■ **TASK TO CARRY OUT**: Everything from the line with "chat with ai character: Milka" down to the line with "Sportosan elegáns kék rövid kabát" below must be printed exactly, those two lines included. Exclude pictures.

■ **MATERIAL FOR THIS EXERCISE**:
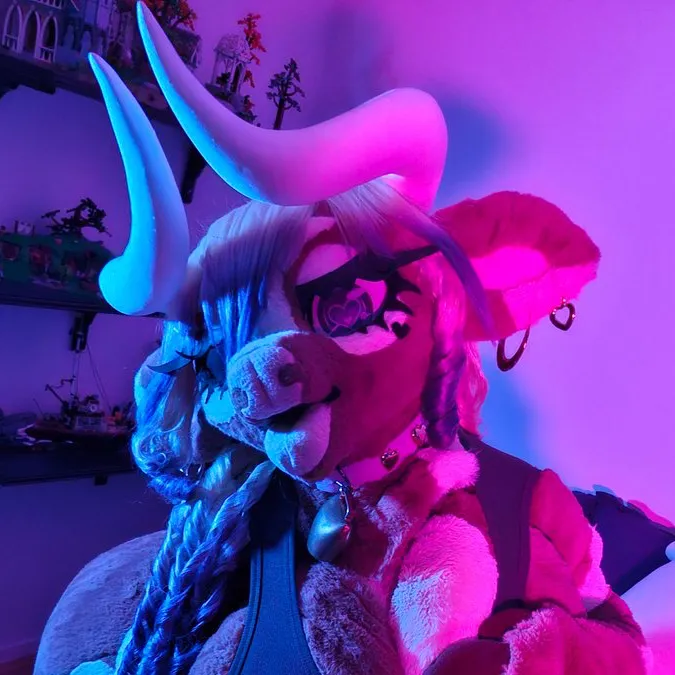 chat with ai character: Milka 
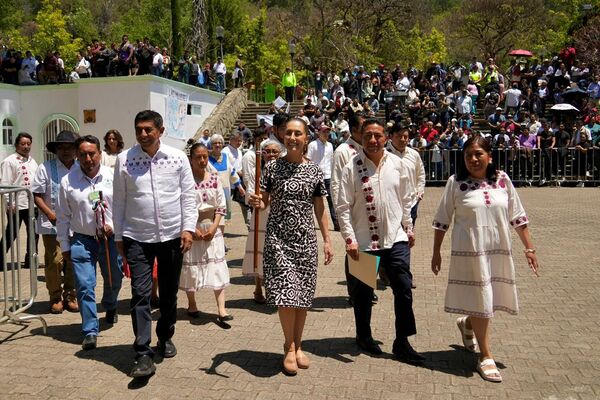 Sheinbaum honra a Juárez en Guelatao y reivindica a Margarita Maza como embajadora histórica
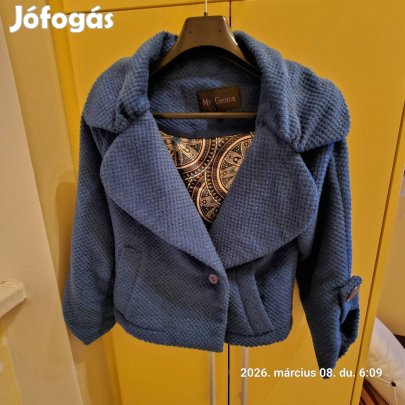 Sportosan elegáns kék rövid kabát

---

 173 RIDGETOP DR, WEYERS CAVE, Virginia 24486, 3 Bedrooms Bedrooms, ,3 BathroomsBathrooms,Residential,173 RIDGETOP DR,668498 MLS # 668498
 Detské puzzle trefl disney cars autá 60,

■ **WRITTEN ANSWER**:
 chat with ai character: Milka 
 Sheinbaum honra a Juárez en Guelatao y reivindica a Margarita Maza como embajadora histórica
 Sportosan elegáns kék rövid kabát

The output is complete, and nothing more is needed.